Petang ini senja kembali luruh, seperti sering terjadi pada zaman
Nabi Nuh. Bila malam tiba, aku takut rasa kesepianku mengamuk,
Filsafat Pemberontakanku mencakar-cakar jiwa. Maka dari kedalaman hujan
Datanglah kau padaku seraya membawa gitar kesayangan-mu, dengan
Langkah paling bersahaja, senyum mengembang dan pipi mayar-mayar
Laksana lapisan cingcau, rambut mayang terurai, mata seteduh telaga
Sedang tubuh-mu telanjang sebugil purnama. Aku menunggu-mu sambil
Becengkrama dengan sunyi, bersetubuh dengan waktu. Betapa menggebu
Ingin kulakukan segala-galanya bersama-mu, Desinta.


Jakarta, 2014

(1): Konsultan politik bernama DJA.
(2): Tim-8 khusnya AG yang membabi buta.
(3): Kota pada zaman Nabi Luth yang dijungkirbalikkan Tuhan karena kedegilan penduduknya.

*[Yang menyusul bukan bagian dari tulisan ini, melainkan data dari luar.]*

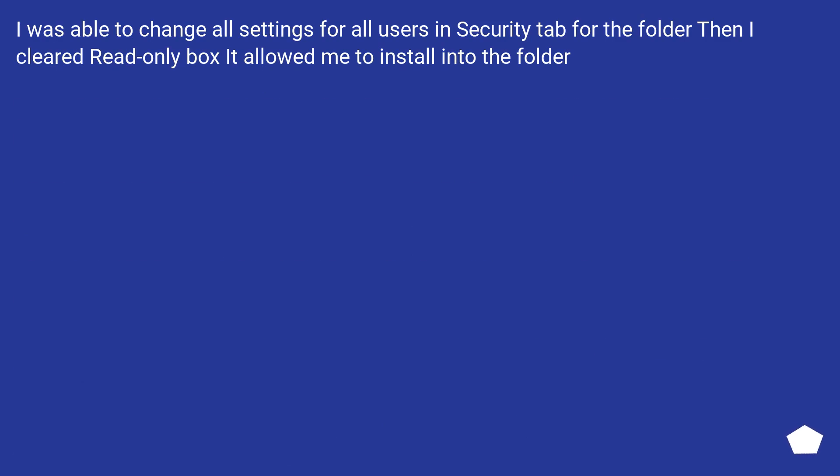I was able to change all settings for all users in Security tab for the folder. Then I cleared read-only box and it allowed me to install into the folder.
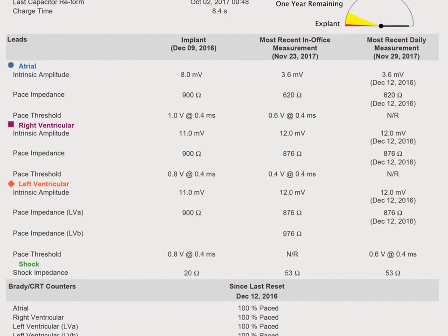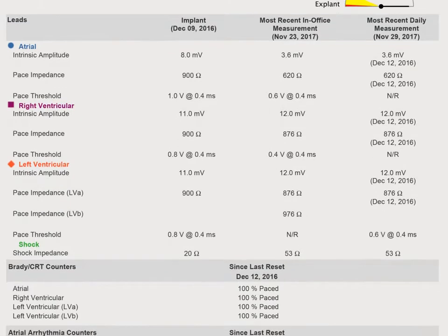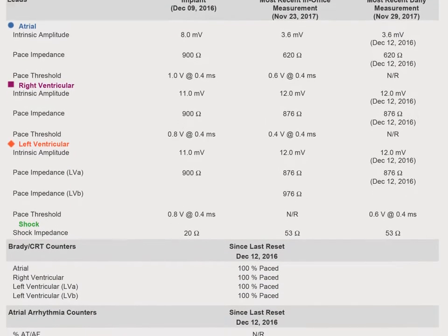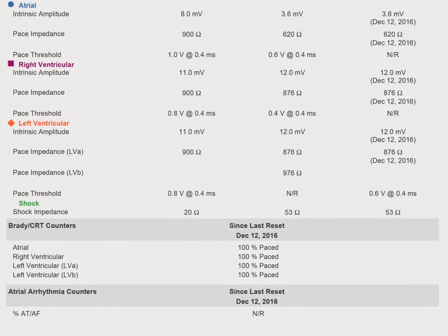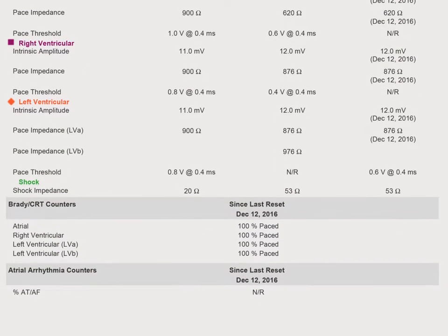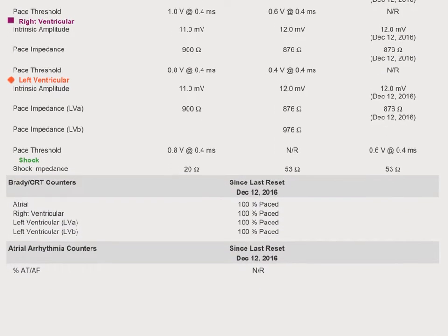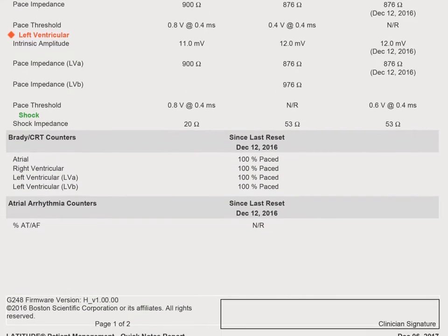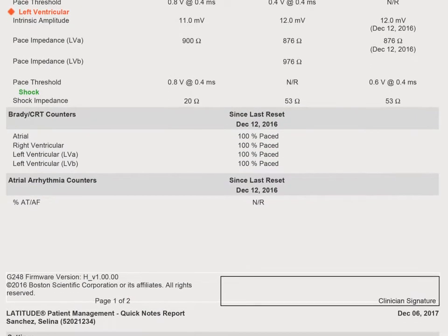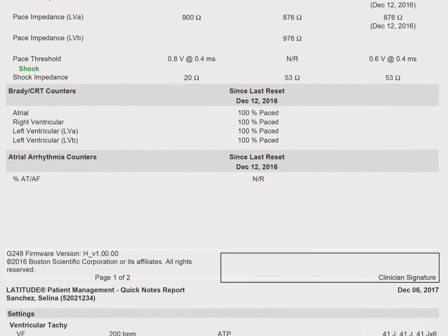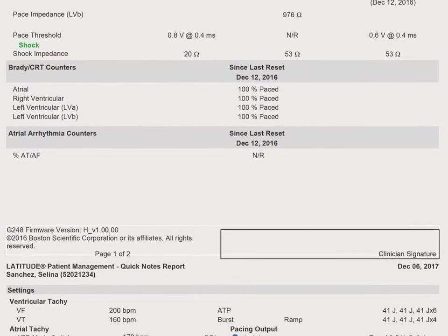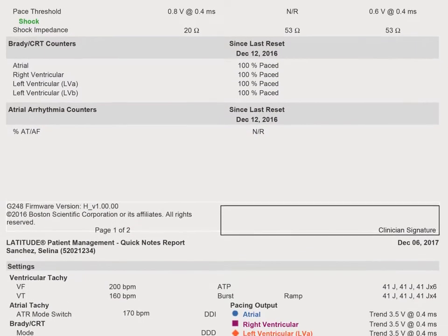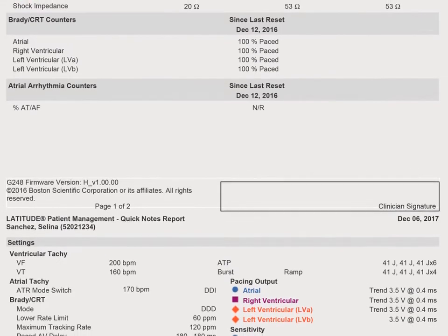This happens when scheduled follow-ups, patient-initiated interrogations, or device-based alerts occur. The data may also include other applicable reports as well, depending upon your EMR.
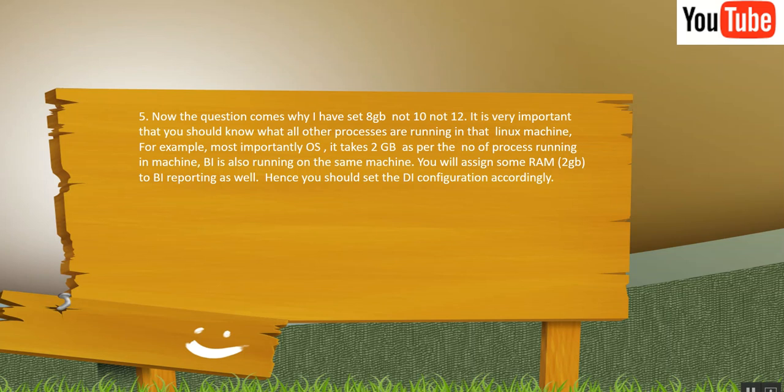Now the question comes, why I have to set 8 GB not 10 or 12.5 GB. It is very important for you to understand what all other processes are running in that machine. First, most importantly is OS. Because OS is eventually processing everything in your machine.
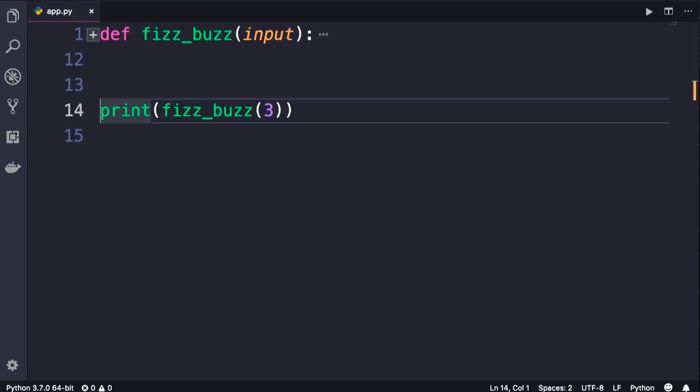One of the questions that often comes in programming interviews is the FizzBuzz algorithm. You might be surprised that there are a lot of developers out there with even years of experience, but they don't know how to solve this simple programming problem. That's why I decided to include this in my course.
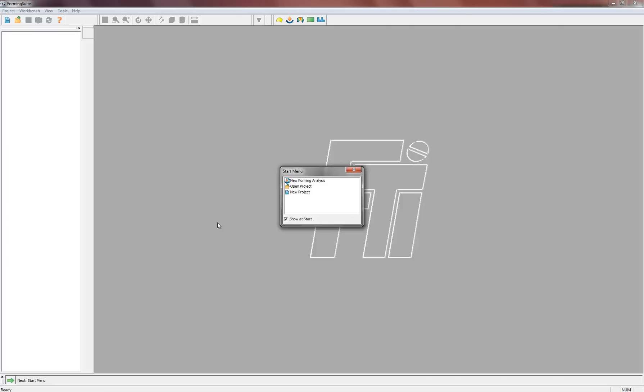Hello. Here we're going to show how to add a new material to the material library in Forming Suite. Forming Suite comes with a default library of materials, but as you work with different customers you'll likely encounter different materials you need to add and update your library.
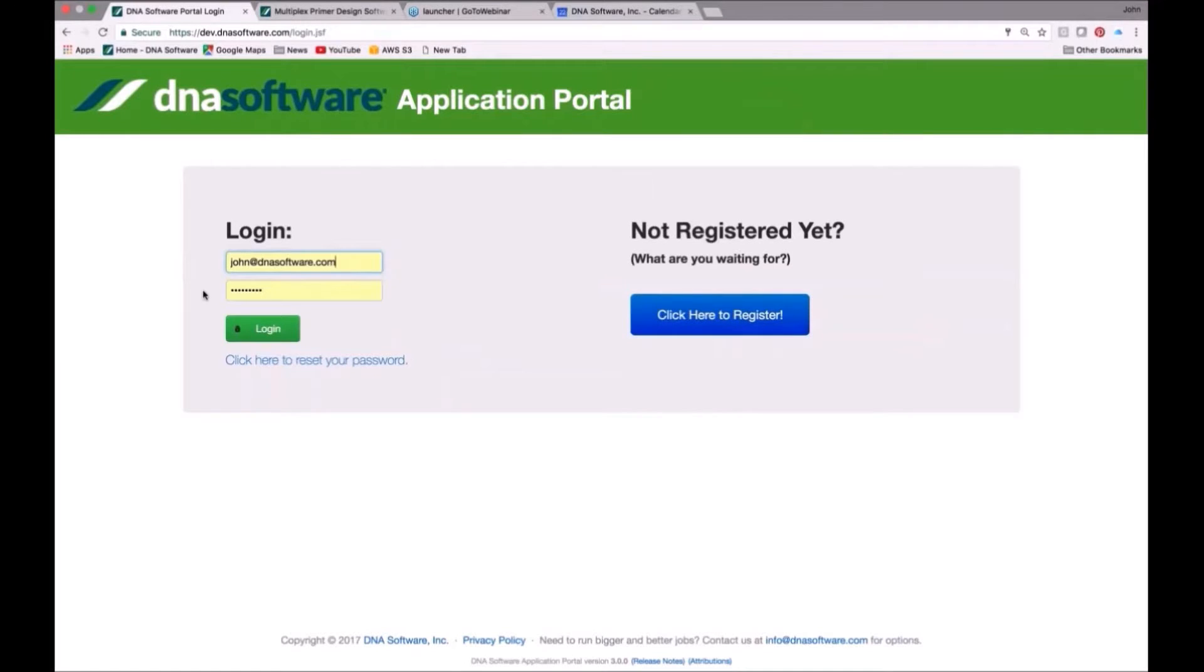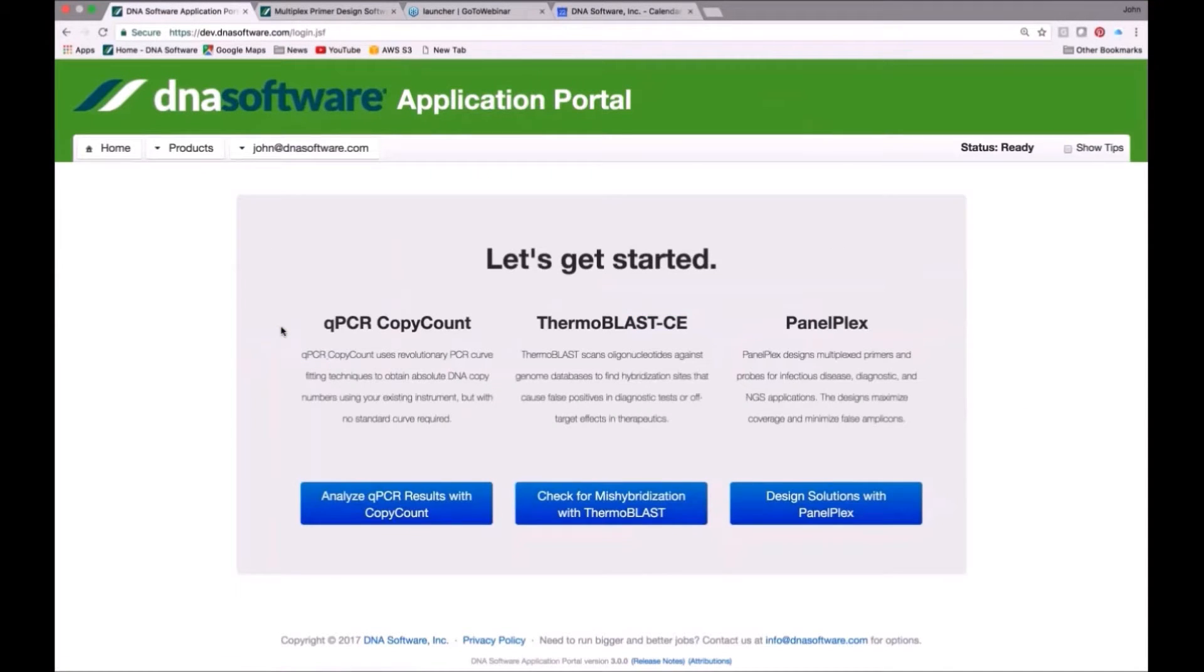This is the login to our DNA software application portal. It's easy to register if you haven't already, but you come into the portal and you can see our three products.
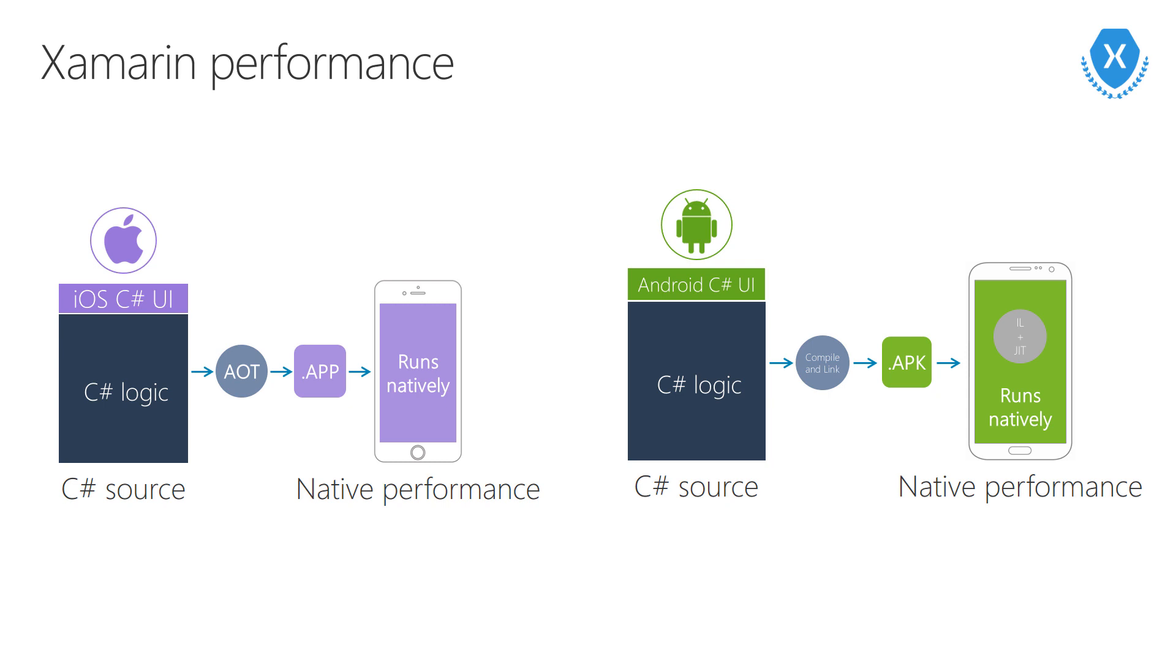On Android, Xamarin leverages just-in-time compilation, just like Java Android. That creates an optimized executable on the executing device, on that Android device. Xamarin offers native performance. And with the language advantages of C-sharp and the runtime advantages, it can even sometimes create applications that are faster than apps written in those native languages.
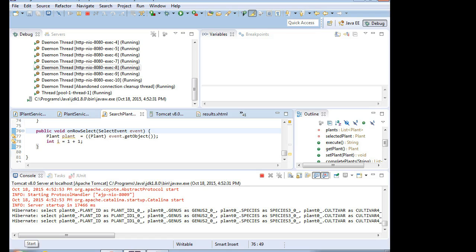In our next video, we're going to pick up where we left off and force a redirect to a specimen details page. We'll make that specimen details page and then do the redirection starting from this point. I look forward to seeing you then.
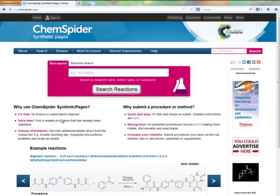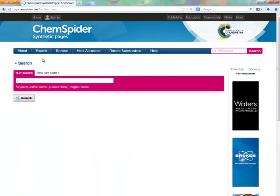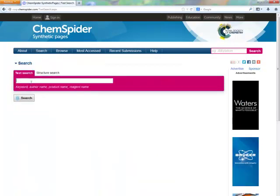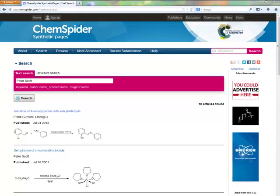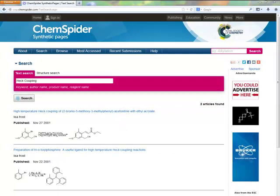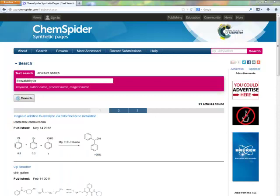You can perform a text search from the ChemSpider Synthetic Pages homepage, or by selecting text search from the search menu. Then input your search term into the box. You can search for author names like Peter Scott, reaction names like HEC coupling, keywords like alkynes, or you can look for a specific compound like benzaldehyde.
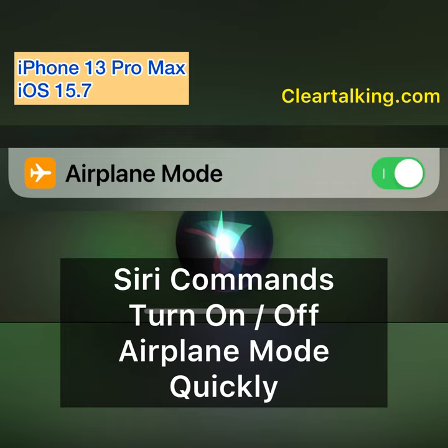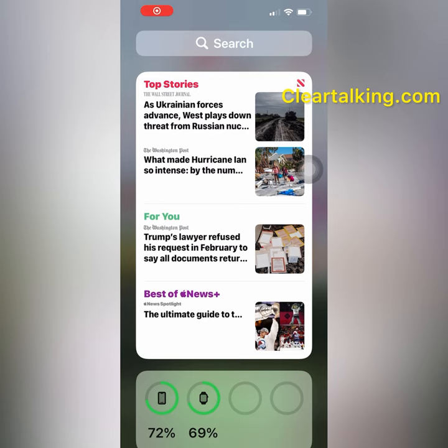You can use Siri voice commands to quickly activate or deactivate airplane mode on your iPhone. This is helpful if you want to manage the airplane mode settings quickly without reaching the iPhone.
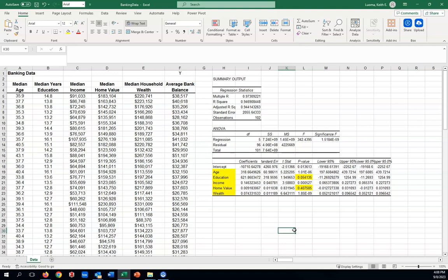We're going to remove something from our model. But never remove more than one variable at a time. You'll see why in a minute. Basically, don't get rid of both education and home value. Which is a greater offender? Well, home value. Because 0.4 is nowhere even near 0.05. So, what we'll do is we'll go back to our model and we'll eliminate home value.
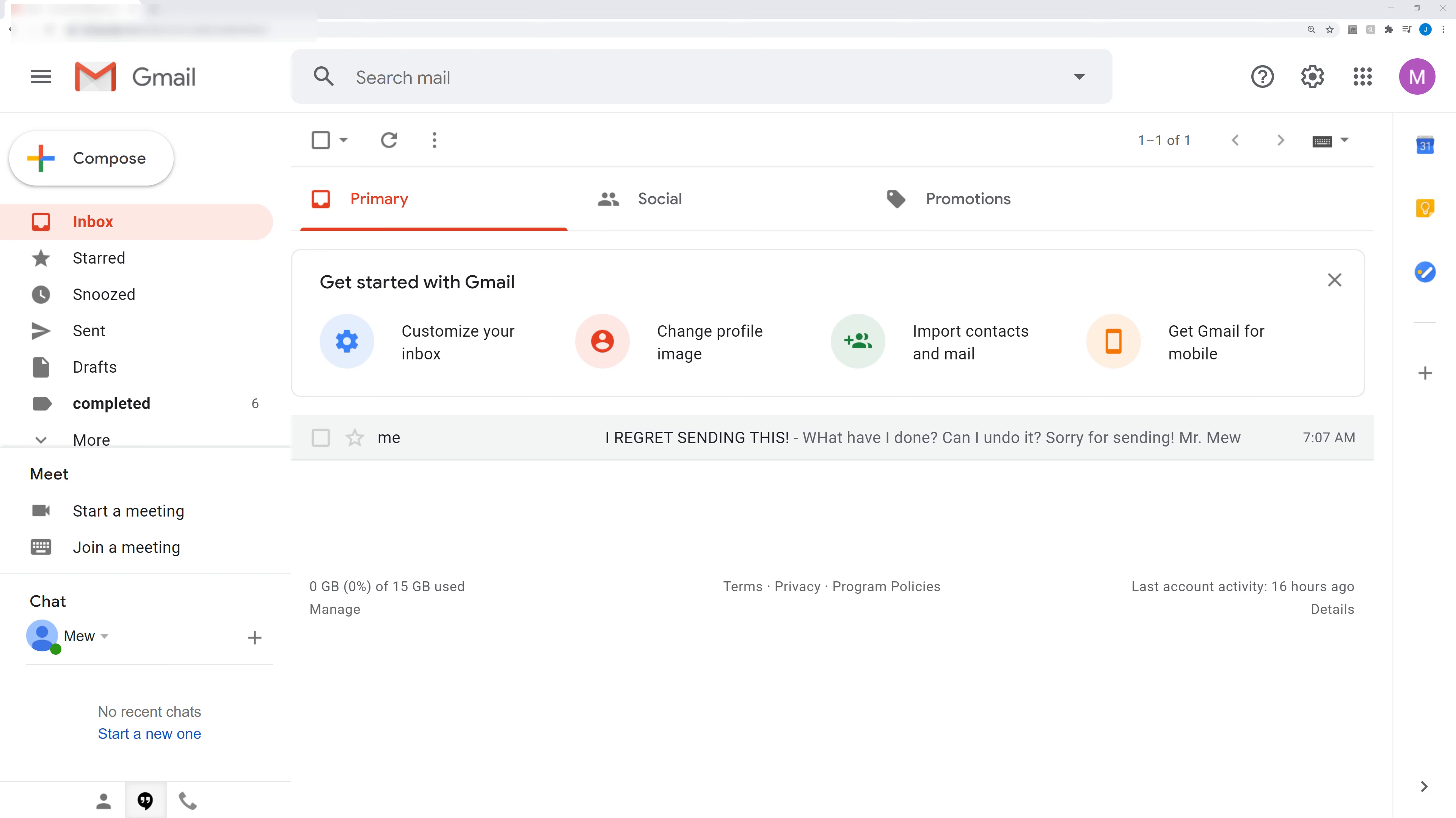Hey guys, another video here from Mr. Mutech. Today I'm going to show you how to undo a Gmail message that you have already sent.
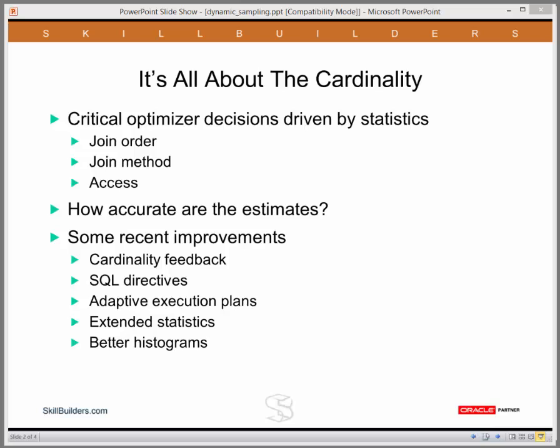Oracle's history of cardinality estimates is one of continuous improvement. Recent enhancements include the cardinality feedback mechanism, which in release 12 can be persisted to the data dictionary as SQL directives. Adaptive execution plans, where Oracle can monitor the execution of the statement and switch plan during execution. Generating extended statistics, again greatly improved in 12, and improved types of histogram. I've talked about all of these in previous tutorials, but sometimes not even these enhancements are enough to ensure you get the best possible plans.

(4): Sebuah requiem untuk mengenang kota Alhmbra yang luluh lantak akibat peperangan.
(5): Buku 33 tokoh sastra indonesia paling berpengaruh, susunan tim-8, menuai kritik dan antipati di banyak tempat gara-gara konsultan politik DJA sebagai inisiator, ikut dinisbatkan sebagai tokoh sastra. Tokoh paling berpengaruh pula. Seseorang disebut tokoh sastra bukan karena karyanya memperoleh pengaruh karena mengeluarkan dana yang cukup besar, tapi juga dihargai dari proses pergulatannya dan integritasnya.